CliBuilder(run=print_it).has(
    argument('to', type=today_format('%H:%M:%S', '%H:%M')),
).run()
foo@bar:~$ ./example.py 12:42
2019-07-13 12:15:00

Custom type parsers

You can define custom parser/validator function. It should take one str argument and return expected value type.

#!/usr/bin/env python3
import re
from dataclasses import dataclass
from cliglue import CliBuilder, argument

@dataclass
class Person:
    name: str
    age: int

    @staticmethod
    def parse(arg: str) -> 'Person':
        match = re.compile('(.+)-([0-9]+)').match(arg)
        return Person(match.group(1), int(match.group(2)))
        

def print_it(human: Person):
    print(human)

CliBuilder(run=print_it).has(
    argument('human', type=Person.parse),
).run()
foo@bar:~$ ./example.py Eric-33
Person(name='Eric', age=33)

Errors handling

cliglue validates passed CLI arguments on running CliBuilder.run()

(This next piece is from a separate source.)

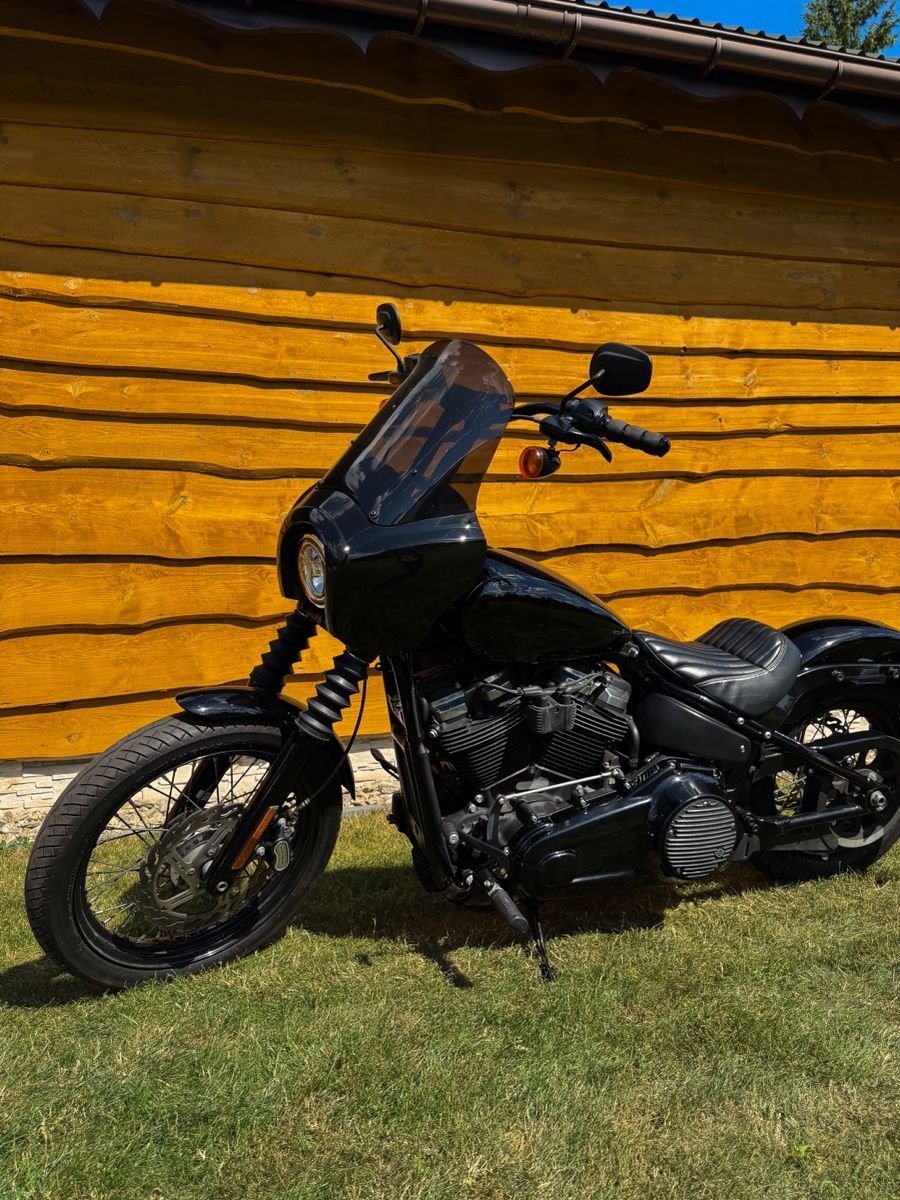 Harley-Davidson Chopper: Harley Davidson FXBB Street Bob – Usato da Stäfa venduto da trade-sto 1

Handling syntax errors - CliSyntaxError

In case of syntax error, CliBuilder.run() raises CliSyntaxError, it's when:

  • parameter value is missing: --param-name without next argument
  • required parameter is not given
  • required positional argument is not given
  • positiona argument or parameter has invalid type (there was parsing type error)

By default CliSyntaxError caught by CliBuilder is rethrown. You can disable raising this error again by seting reraise_error = False when creating CliBuilder: CliBuilder(reraise_error = False). Then only the error log will be displayed in console stdout.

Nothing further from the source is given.